= Walter Frye =

English composer

Walter Frye (ob. 1474?) was an English composer of vocal music of the early Renaissance whose best known composition is Ave Regina.

==Life==

Nothing certain is known about his life. He may have been a "Walter Cantor" at Ely Cathedral between 1443 and 1466, and he may have been the Walter Frye who joined the London Parish Clerks in 1456. Additionally, he may have been the Walter Frye who left a will at Canterbury in 1474.

==Music==

Most of Frye's music survives in manuscripts from the continent, which has suggested to scholars that he spent much of his time there; however stylistically his music is closer to that of other English composers (such as John Dunstaple and John Hothby) than to that of the Burgundian School, the most notable contemporary movement on the continent. A reason sometimes given for the survival of his music in continental sources is that the few remaining English 15th-century manuscripts rarely mention the names of composers; therefore there may be a good deal of his music which is simply anonymous. Survival of music from the period in England is sparse because most of it was destroyed during the dissolution of the Monasteries carried out between 1536 and 1540 by Henry VIII.

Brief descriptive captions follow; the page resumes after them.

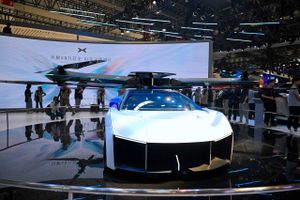 Det første konkrete tilbud om at blive ejer af en flyvende bil kommer fra kinesiske XPENG, der håber på masseproduktion fra næste år.
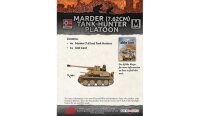 Marder (7.62cm) Tank-Hunter Platoon (MW/Afrika)
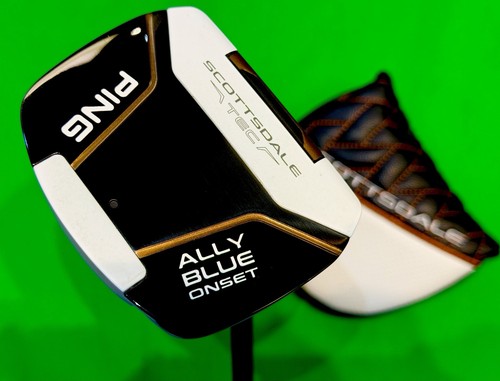 Ping scottsdale tec - tec, ally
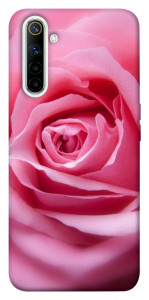 Чохол Pink bud для Realme 6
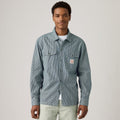 LEVI'S® MEN'S LONG-SLEEVE WORKER SHIRT - MULTI COLOUR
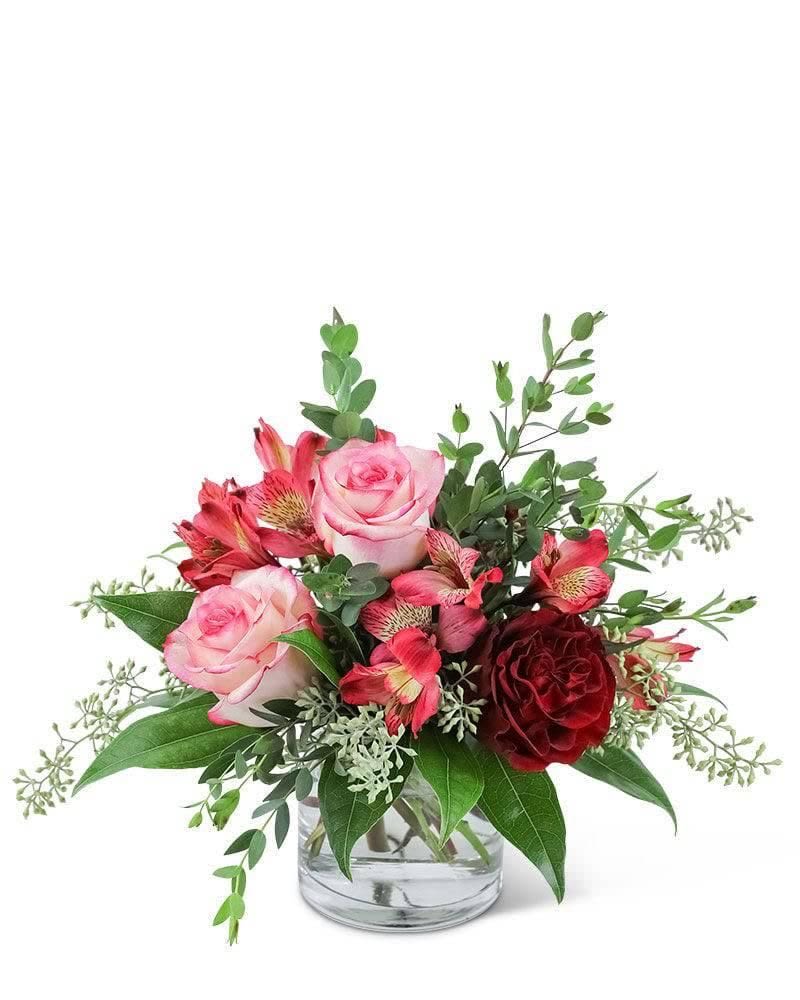 Sweet Love - Roses and alstromeria 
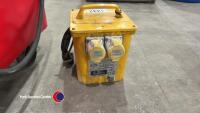 3.3Kva 110v transformer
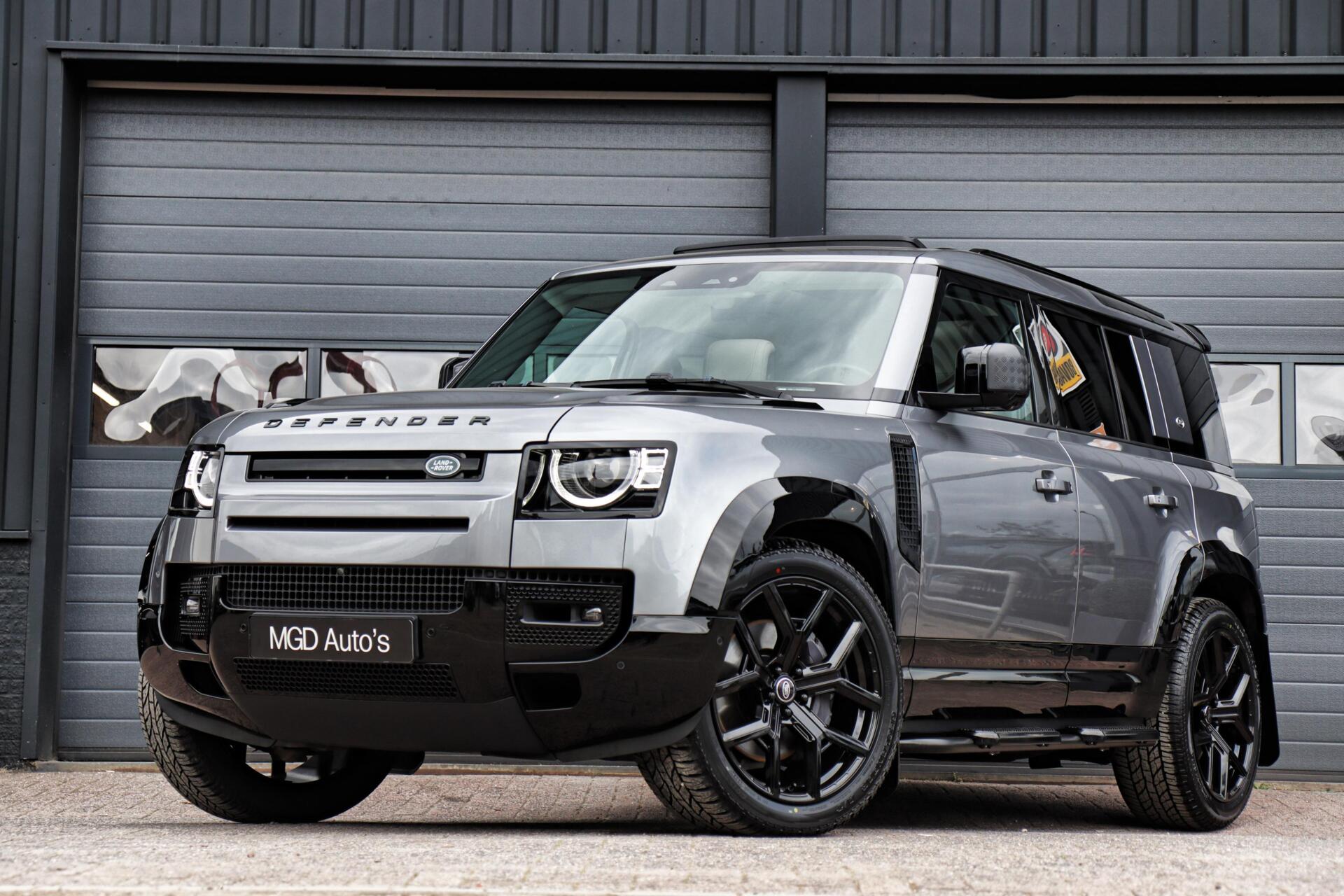 Foto van Land Rover Defender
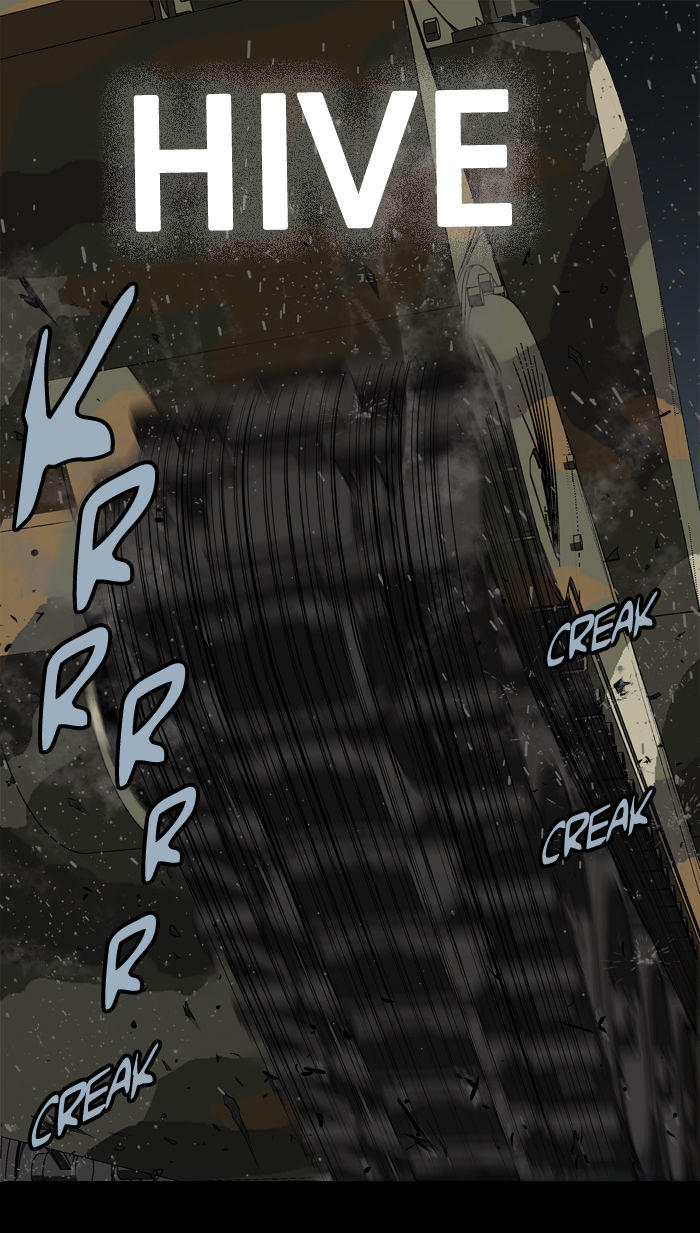 Hive: Chapter 100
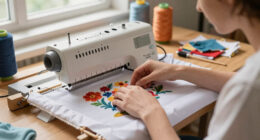 14 Best Embroidery Machine for Beginners in 2026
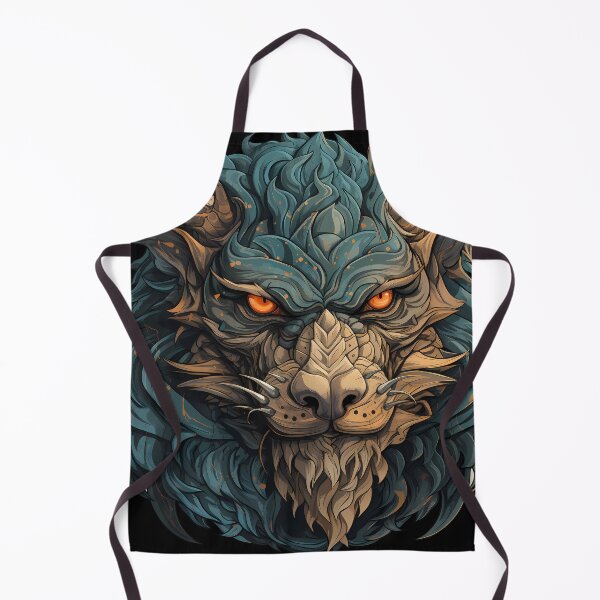 Item preview, Mythical Dragon designed and sold by Win Hardy.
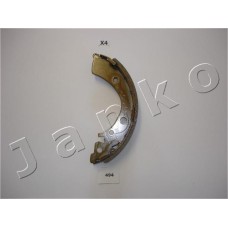 55494 JAPKO Комплект гальмівних колодок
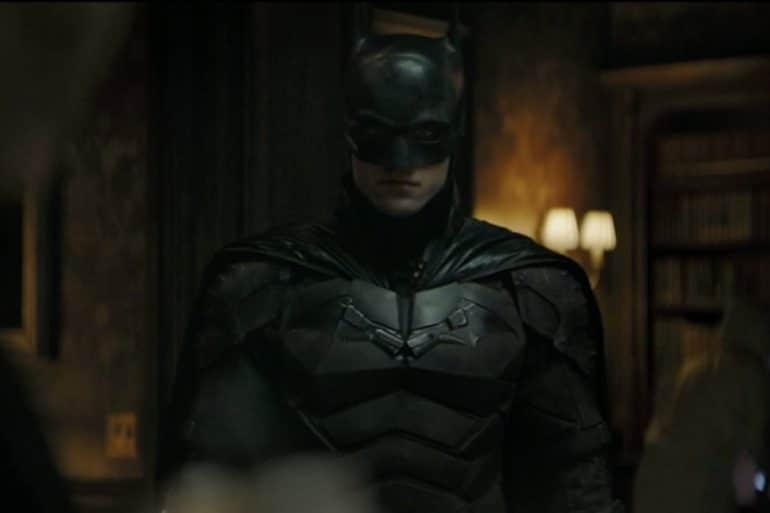 DC Fandome Movie Trailers The Batman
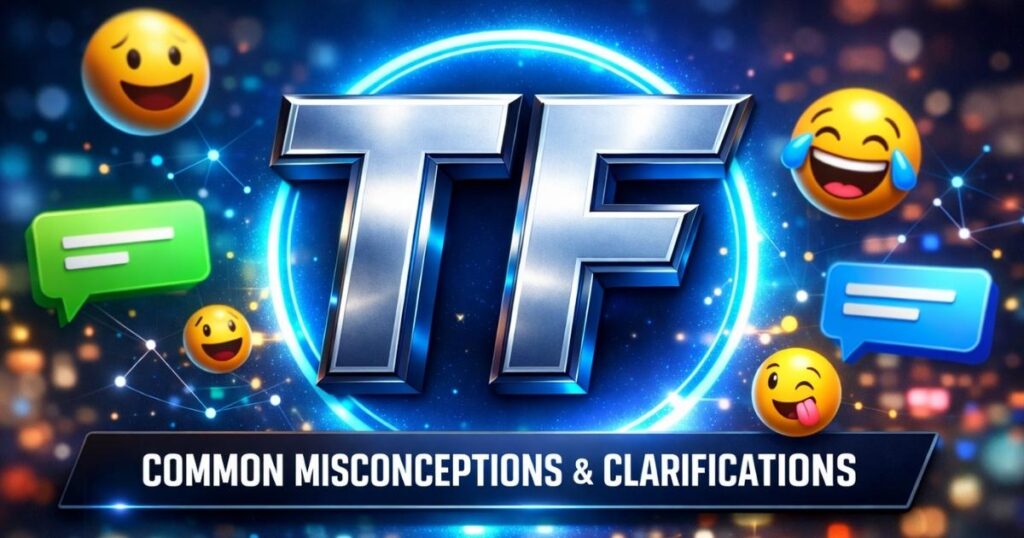 Common Misconceptions & Clarifications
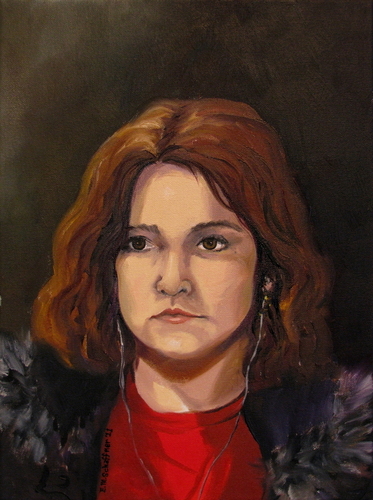 Rebekah, Age 13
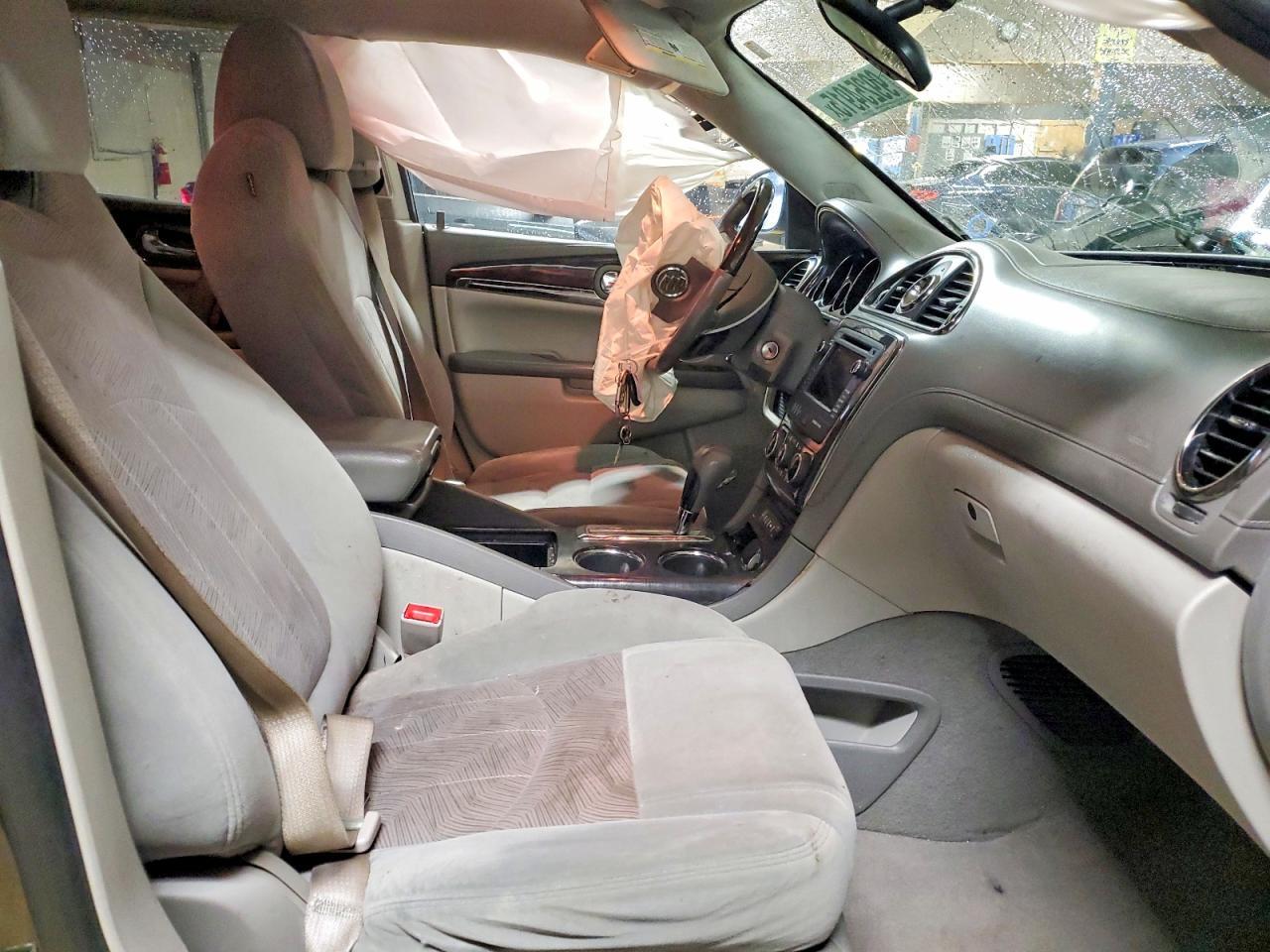 2016 Buick Enclave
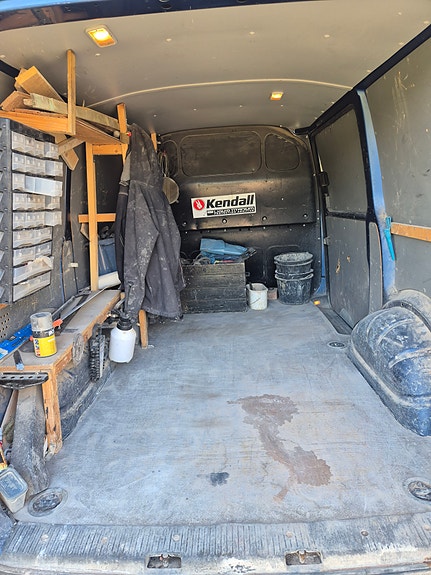 Volkswagen Transporter 19 of 21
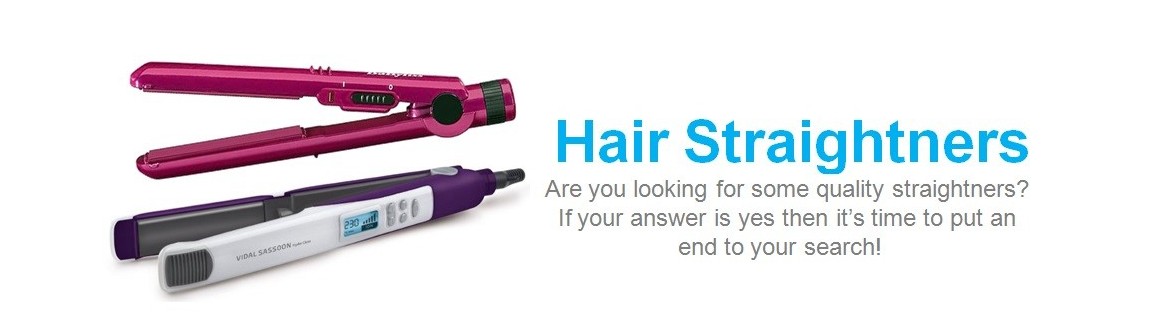 Hair Straightners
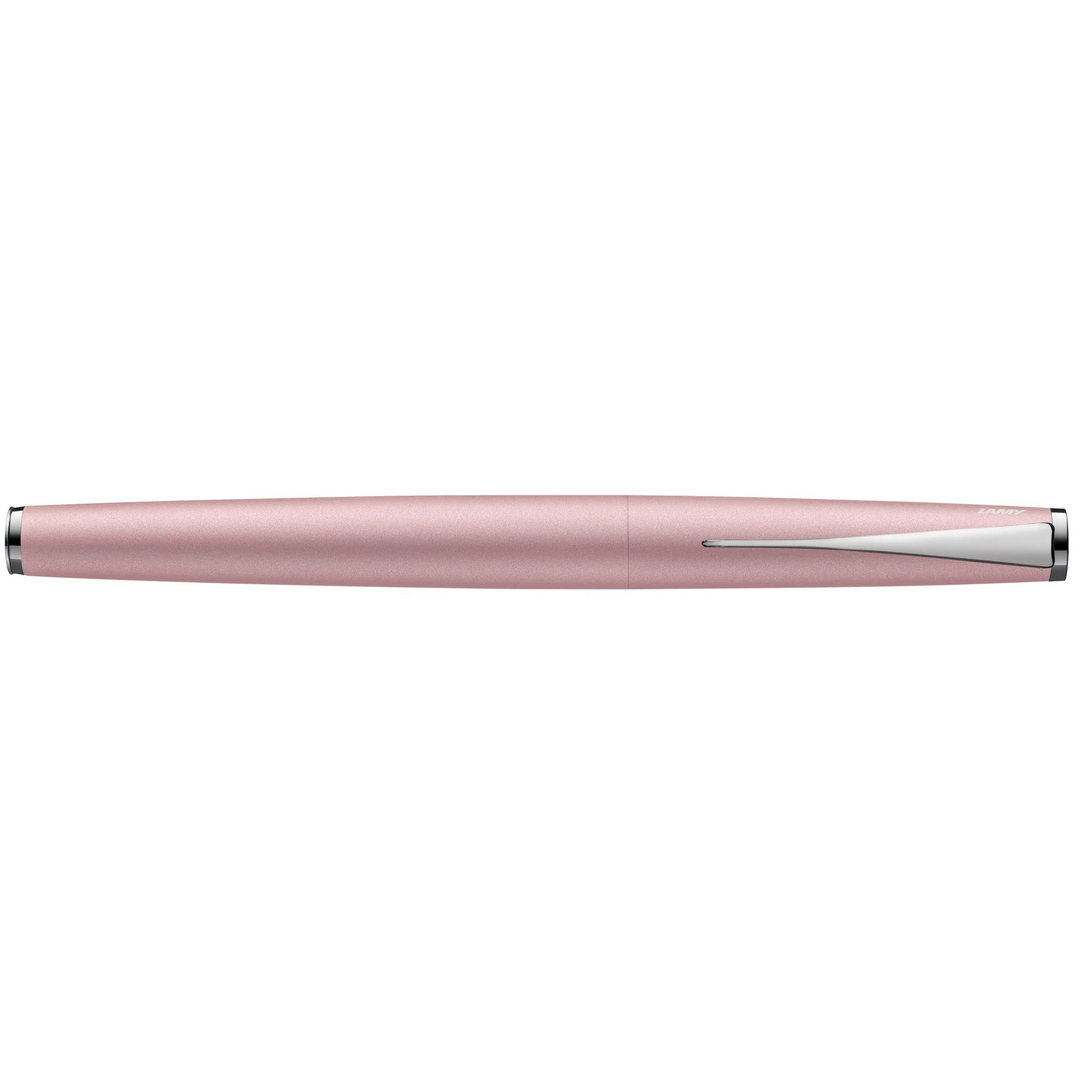 Lamy Studio Fountain Pen - Pink Rose Matte (Special Edition) - KSGILLS.com | The Writing Instruments Expert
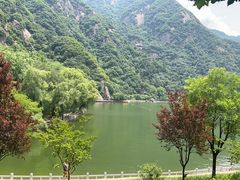 -秦岭终南山世界地质公园翠华山景区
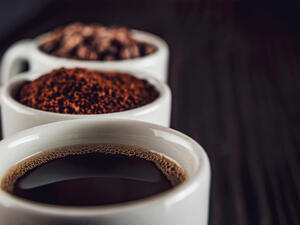 Saudi Arabia: Brazilian Coffee Imports Plummet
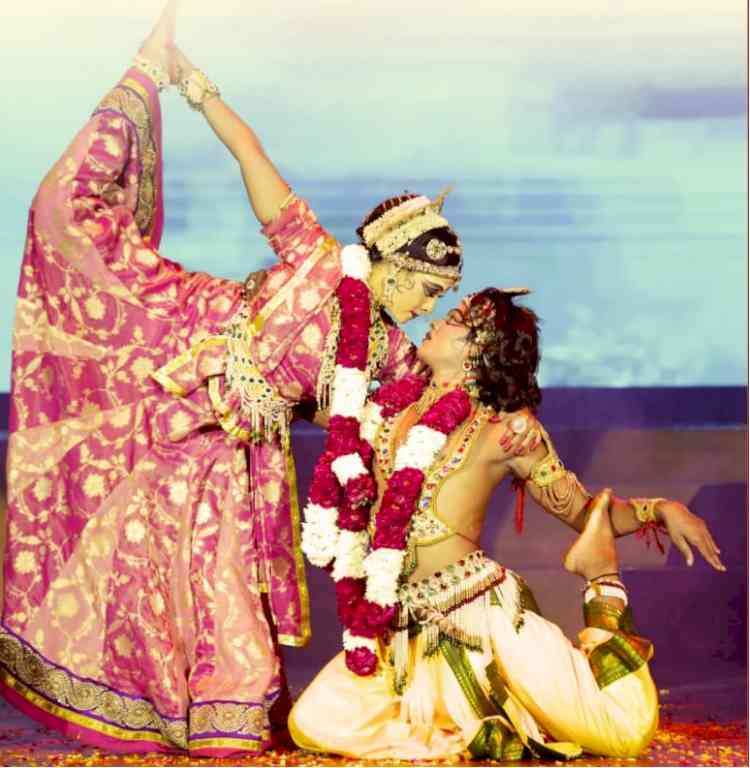 Divine Dance Drama ‘Krishna’ Mesmerizes Ludhiana Audience with Spiritual Grandeur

Frye wrote masses, motets and songs, including ballades and a single rondeau. All of his surviving music is vocal, and his best-known composition is an Ave Regina, a motet which occurs, unusually, in three contemporary paintings, even including notation. Some of his shorter pieces acquired an extraordinary fame in far-away areas, such as Italy, southern Germany, Bohemia and present-day Austria, including the rondeau Tout a par moy and the ballade So ys emprentid. These songs were often copied, rearranged and plagiarized, and appear in numerous collections in varied forms.

Frye's masses, however, were his most historically significant contribution, for they influenced the music of Jacob Obrecht and Antoine Busnois. Frye's style in his masses was typical of English music of the period, the Contenance Angloise, using full triadic sonorities, and sometimes isorhythmic techniques; he contrasted full-voiced textures with passages for only two voices, which became a characteristic sound of the polyphony of the late 15th and early 16th centuries. Three masses have survived more or less complete: the Missa Flos Regalis (for four voices), Missa Nobilis et Pulchra (three voices), and the Missa Summe Trinitati (also for three voices).